Avec les Équipes Notre-Dame, nous nous étions engagés à prier en couple. Nous l’avons fait avec plus ou moins de bonheur, plus ou moins de facilité. Mais une chose est sûre : c’est parce que nous nous y étions engagés que nous avons tenu dans la durée. «Prier régulièrement avec et pour ceux qui nous sont proches», comme on nous le demande aux Fraternités Evangéliques, n’était donc pas quelque chose de vraiment nouveau pour nous. Avec le temps, cette prière commune est devenue comme un besoin. Même si elle est certaines fois très courte, formelle, maladroite, pauvre ou routinière, il manque quelque chose à nos journées si nous ne la faisons pas. Ainsi est né avec le temps le besoin de remettre ensemble au Seigneur notre famille, et maintenant aussi la fraternité qui nous est confiée, d’implorer ensemble le Seigneur, de Lui rendre grâces ensemble. Cette prière commune s’est désormais enrichie le matin de la lecture des psaumes, au rythme liturgique de nos frères et sœurs, moines et moniales. Les yeux ne sont pas toujours bien ouverts, mais petit à petit nous nous laissons pénétrer par ces textes.

 

La participation à la réunion hebdomadaire de notre fraternité est l’occasion d’échanger ensemble avec d’autres sur la Parole, de se laisser façonner par elle et d’enrichir notre prière. Curieusement – mais ce n’est pas rare, semble-t-il –, prier avec d’autres est parfois plus facile que prier en couple. La prière en fraternité, au même titre que la prière conjugale, nous ouvre le cœur de notre conjoint, nous aide à le découvrir dans ce qu’il a de plus intime. Elle nous rend témoins de l’action de l’Esprit-Saint sur lui, de l’oeuvre de Dieu en lui et peut susciter en nous l’action de grâces et la louange.
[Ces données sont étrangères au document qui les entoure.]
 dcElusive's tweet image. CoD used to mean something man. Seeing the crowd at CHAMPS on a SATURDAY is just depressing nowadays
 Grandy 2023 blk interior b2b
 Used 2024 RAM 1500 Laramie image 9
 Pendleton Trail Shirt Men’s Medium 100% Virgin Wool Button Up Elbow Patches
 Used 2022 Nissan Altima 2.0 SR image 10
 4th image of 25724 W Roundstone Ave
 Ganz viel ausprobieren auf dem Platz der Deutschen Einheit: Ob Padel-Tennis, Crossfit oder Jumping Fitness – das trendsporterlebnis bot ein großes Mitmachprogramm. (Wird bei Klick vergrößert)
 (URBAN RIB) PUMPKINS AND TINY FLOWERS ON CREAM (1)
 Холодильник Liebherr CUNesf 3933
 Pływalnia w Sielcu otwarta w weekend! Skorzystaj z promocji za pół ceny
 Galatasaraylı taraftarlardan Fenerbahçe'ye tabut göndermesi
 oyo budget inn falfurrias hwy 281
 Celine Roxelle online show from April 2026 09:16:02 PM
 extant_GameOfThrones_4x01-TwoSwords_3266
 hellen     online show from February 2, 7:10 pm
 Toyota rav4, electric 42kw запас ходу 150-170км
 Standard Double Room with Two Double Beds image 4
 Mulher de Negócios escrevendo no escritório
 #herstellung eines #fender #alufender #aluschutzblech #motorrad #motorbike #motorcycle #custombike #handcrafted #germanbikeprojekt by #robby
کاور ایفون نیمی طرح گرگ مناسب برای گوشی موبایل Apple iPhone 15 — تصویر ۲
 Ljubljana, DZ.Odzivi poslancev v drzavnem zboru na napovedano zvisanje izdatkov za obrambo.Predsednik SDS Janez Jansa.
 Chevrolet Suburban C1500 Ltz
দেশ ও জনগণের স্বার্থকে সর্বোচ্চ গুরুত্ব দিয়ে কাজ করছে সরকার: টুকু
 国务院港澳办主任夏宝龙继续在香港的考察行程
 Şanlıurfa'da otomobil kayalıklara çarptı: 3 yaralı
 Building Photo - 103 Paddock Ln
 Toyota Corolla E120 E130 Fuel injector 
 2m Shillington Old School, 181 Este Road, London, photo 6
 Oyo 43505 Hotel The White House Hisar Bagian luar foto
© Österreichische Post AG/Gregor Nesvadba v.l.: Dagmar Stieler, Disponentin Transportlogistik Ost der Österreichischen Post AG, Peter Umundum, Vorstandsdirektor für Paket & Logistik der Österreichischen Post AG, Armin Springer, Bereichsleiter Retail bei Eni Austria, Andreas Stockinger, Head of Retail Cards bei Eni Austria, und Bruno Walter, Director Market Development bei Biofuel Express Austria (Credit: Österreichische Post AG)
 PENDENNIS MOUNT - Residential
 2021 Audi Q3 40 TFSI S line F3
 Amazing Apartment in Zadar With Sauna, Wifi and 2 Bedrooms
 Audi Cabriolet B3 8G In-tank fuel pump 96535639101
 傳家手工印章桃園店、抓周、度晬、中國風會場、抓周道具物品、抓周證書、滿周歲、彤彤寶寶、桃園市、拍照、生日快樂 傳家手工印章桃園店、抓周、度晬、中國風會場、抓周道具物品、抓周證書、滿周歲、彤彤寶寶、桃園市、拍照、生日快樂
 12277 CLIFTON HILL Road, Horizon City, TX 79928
Elle nous unit à tous nos frères et sœurs, mais elle nous unit aussi, mari et femme, d’un lien particulier.

 

Enfin, être membres ensemble des Fraternités Évangéliques de Jérusalem, c’est très concrètement pour nous appartenir à la Famille de Jérusalem en ayant des liens étroits non seulement avec les fondations de Paris et de Strasbourg, mais aussi plus particulièrement avec celles du Mont-Saint-Michel, de Bruxelles et de Montréal. Nous agrandissons ainsi notre propre famille, en lui donnant des frères et des sœurs, laïcs ou consacrés, sur lesquels nous pouvons compter et qui peuvent compter sur nous aussi, que nous portons dans notre prière et qui nous portent dans la leur. Avec eux, nous pouvons vivre en couple au cœur des villes, au cœur de Dieu.

 

Voilà ,de manière forcément succinte, ce que notre appartenance aux Fraternités Evangéliques de Jérusalem apporte à notre couple. On pourrait évidemment dire aussi ce que cette appartenance apporte à notre famille toute entière et comment nos enfants ont été, eux aussi, marqués par cette rencontre avec Jérusalem… mais ce serait alors nous éloigner du sujet tel qu’il nous a été proposé aujourd’hui.